• Problem description: When you reach the line containing "Audi A1 30 TFSI S line", begin reproducing the material exactly, stop after the line containing "Pink Star F2U", and leave out any pictures along the way.

• Data in this exercise:
+++++
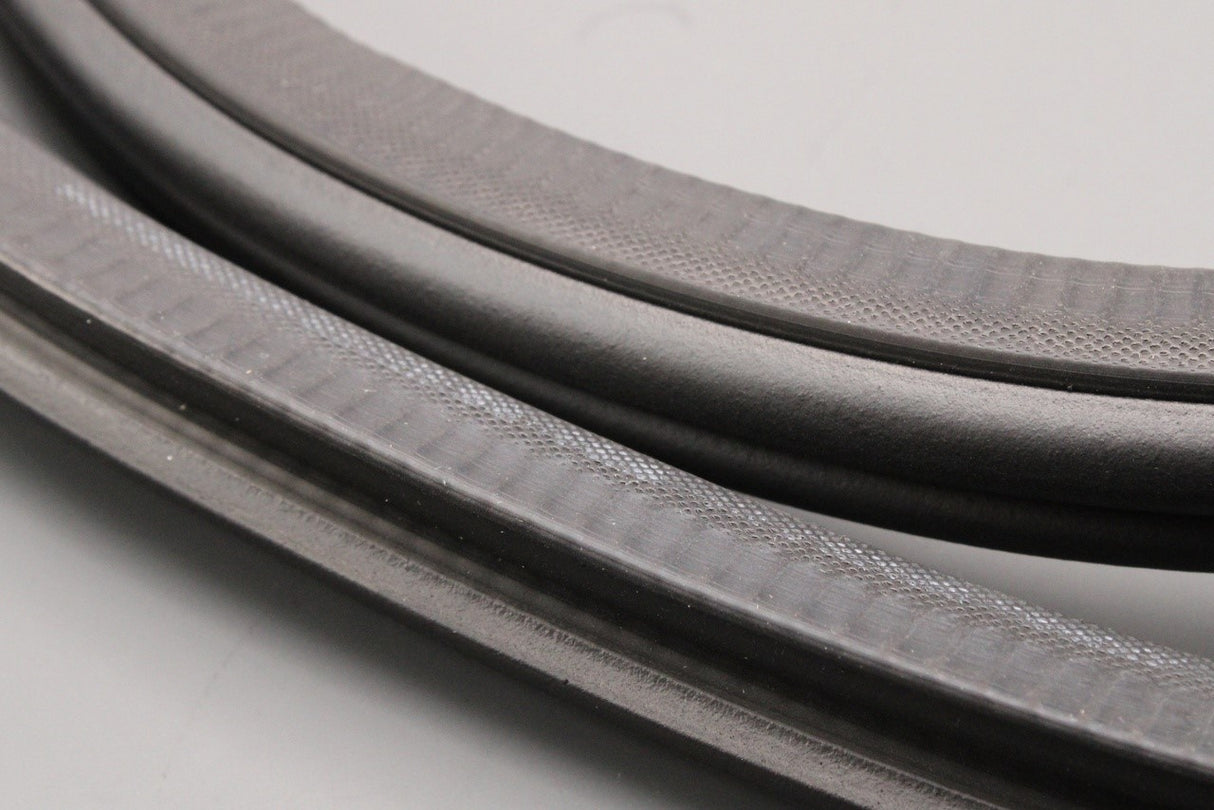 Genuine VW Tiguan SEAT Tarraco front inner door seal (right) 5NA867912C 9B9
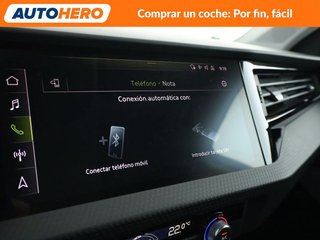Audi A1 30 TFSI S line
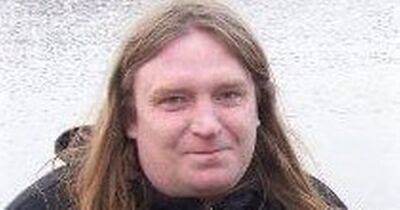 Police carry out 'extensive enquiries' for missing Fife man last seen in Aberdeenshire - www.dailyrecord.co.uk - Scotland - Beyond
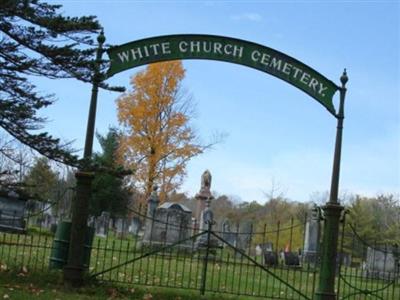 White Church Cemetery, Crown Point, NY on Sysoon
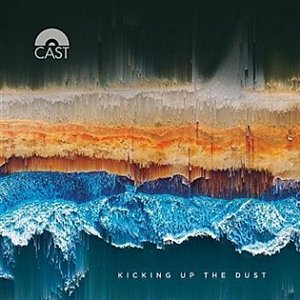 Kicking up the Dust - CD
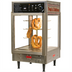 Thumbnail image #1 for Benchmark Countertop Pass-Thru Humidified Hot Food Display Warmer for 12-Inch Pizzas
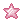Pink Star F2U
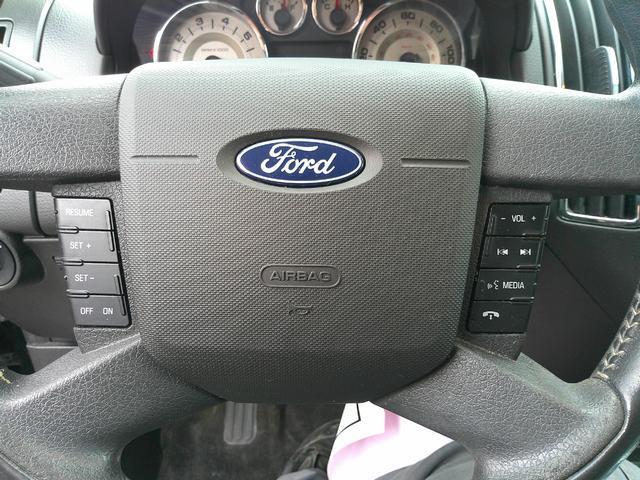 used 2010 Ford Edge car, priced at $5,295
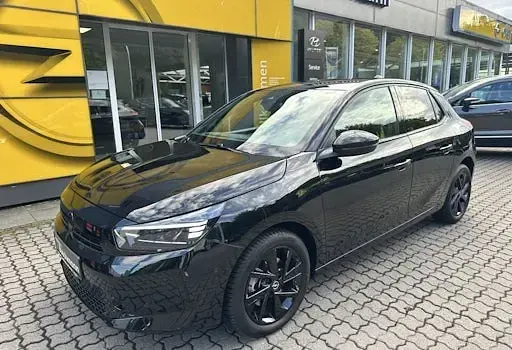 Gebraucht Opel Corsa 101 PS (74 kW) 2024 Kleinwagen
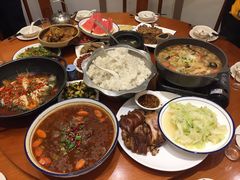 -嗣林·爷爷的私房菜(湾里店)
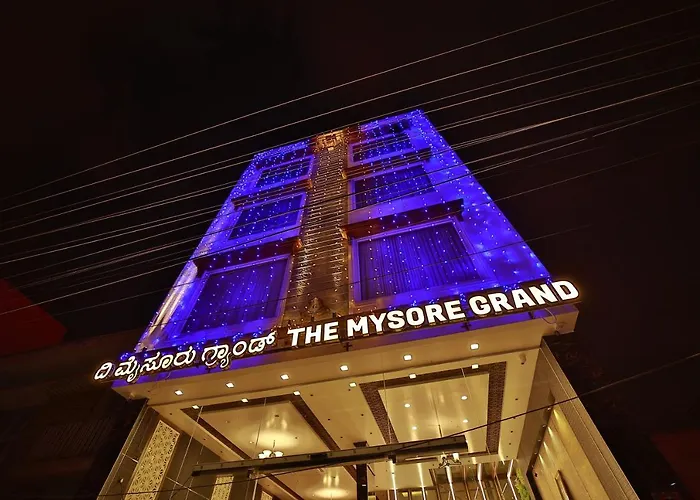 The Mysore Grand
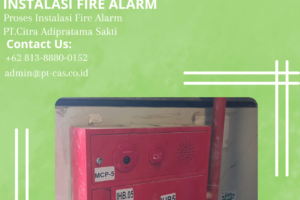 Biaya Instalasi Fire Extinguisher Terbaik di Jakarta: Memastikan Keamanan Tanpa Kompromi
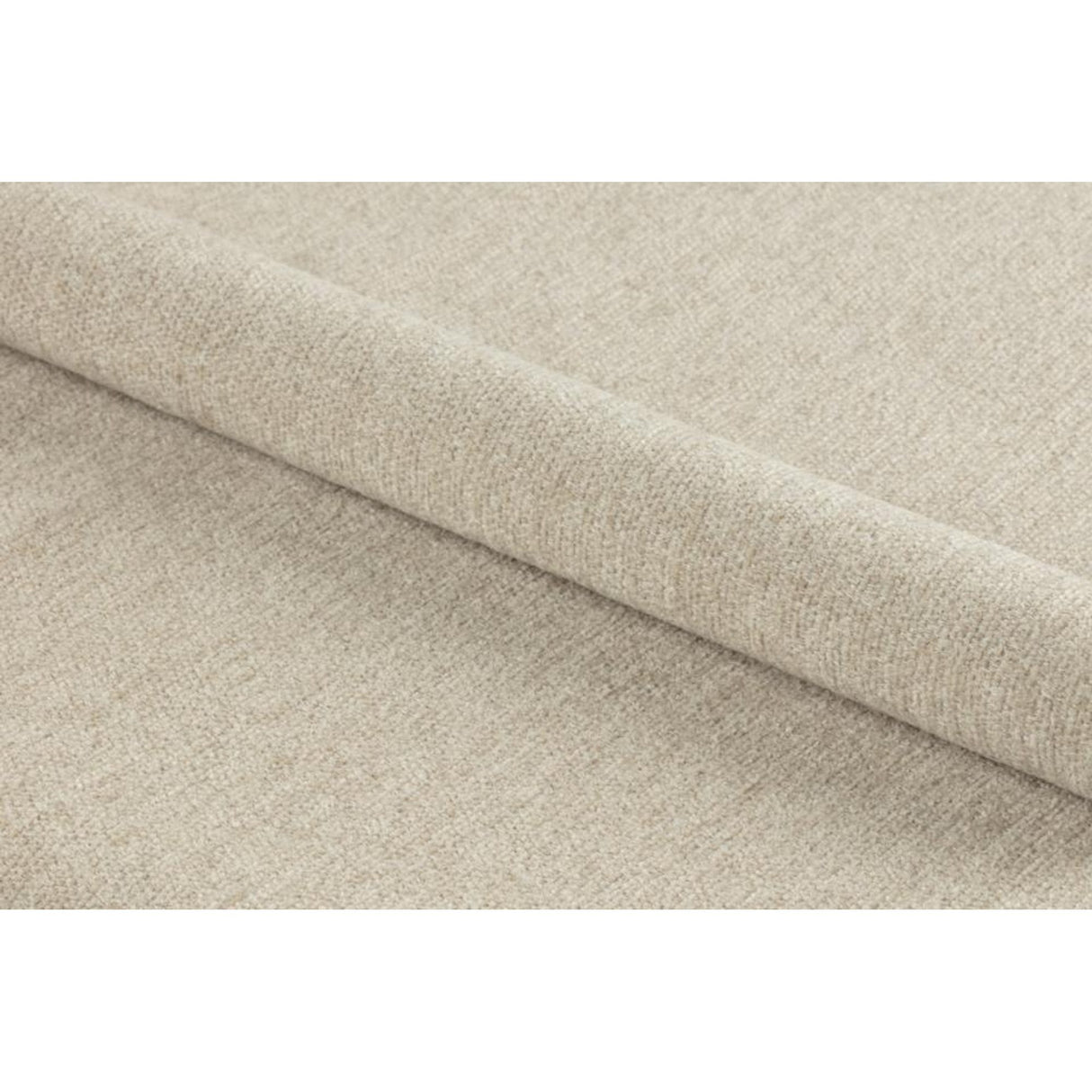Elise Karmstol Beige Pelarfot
+++++
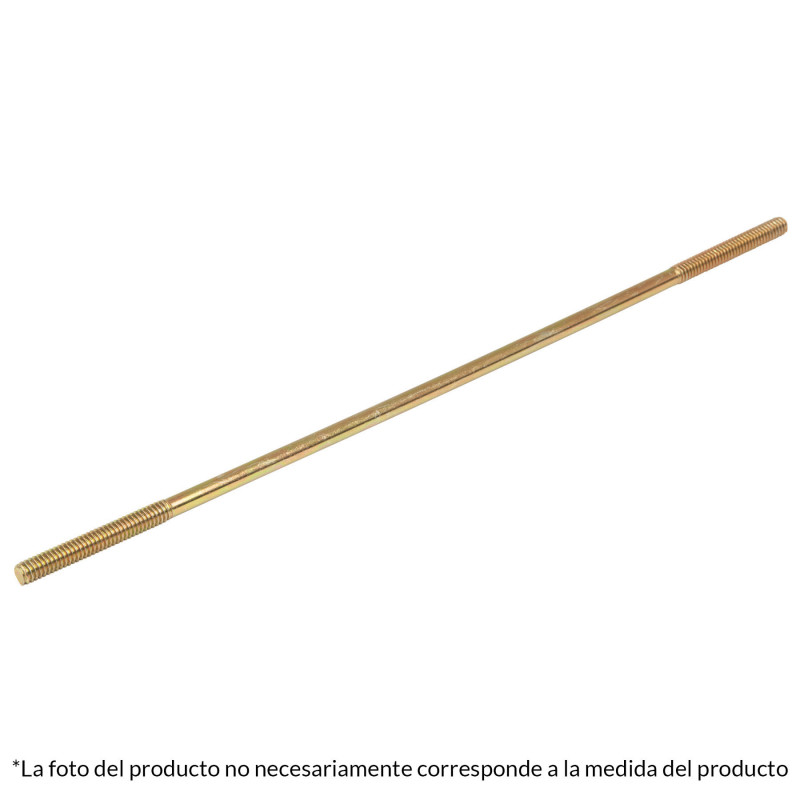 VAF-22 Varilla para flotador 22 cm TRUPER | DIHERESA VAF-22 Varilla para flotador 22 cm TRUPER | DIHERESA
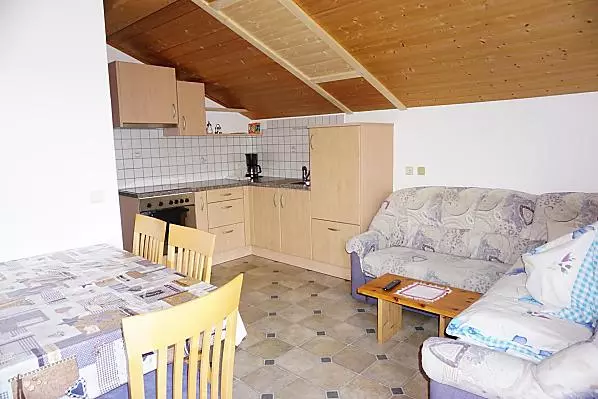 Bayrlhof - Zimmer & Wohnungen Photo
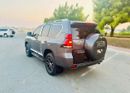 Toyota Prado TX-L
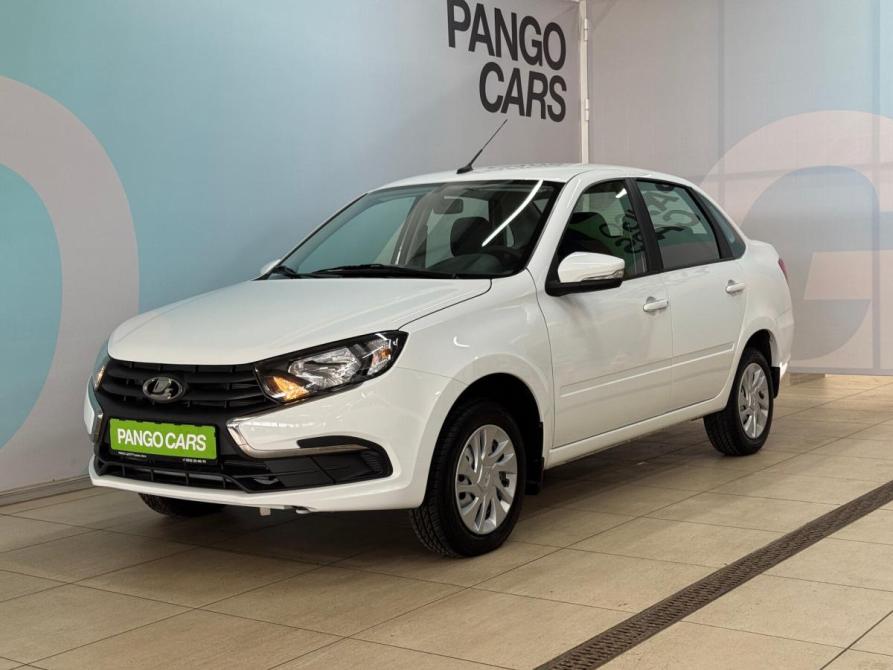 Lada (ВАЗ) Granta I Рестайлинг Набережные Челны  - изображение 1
+++++
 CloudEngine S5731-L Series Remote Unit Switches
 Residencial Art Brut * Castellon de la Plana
+++++
• Answer to this problem:
Audi A1 30 TFSI S line
 Police carry out 'extensive enquiries' for missing Fife man last seen in Aberdeenshire - www.dailyrecord.co.uk - Scotland - Beyond
 White Church Cemetery, Crown Point, NY on Sysoon
 Kicking up the Dust - CD
 Thumbnail image #1 for Benchmark Countertop Pass-Thru Humidified Hot Food Display Warmer for 12-Inch Pizzas
Pink Star F2U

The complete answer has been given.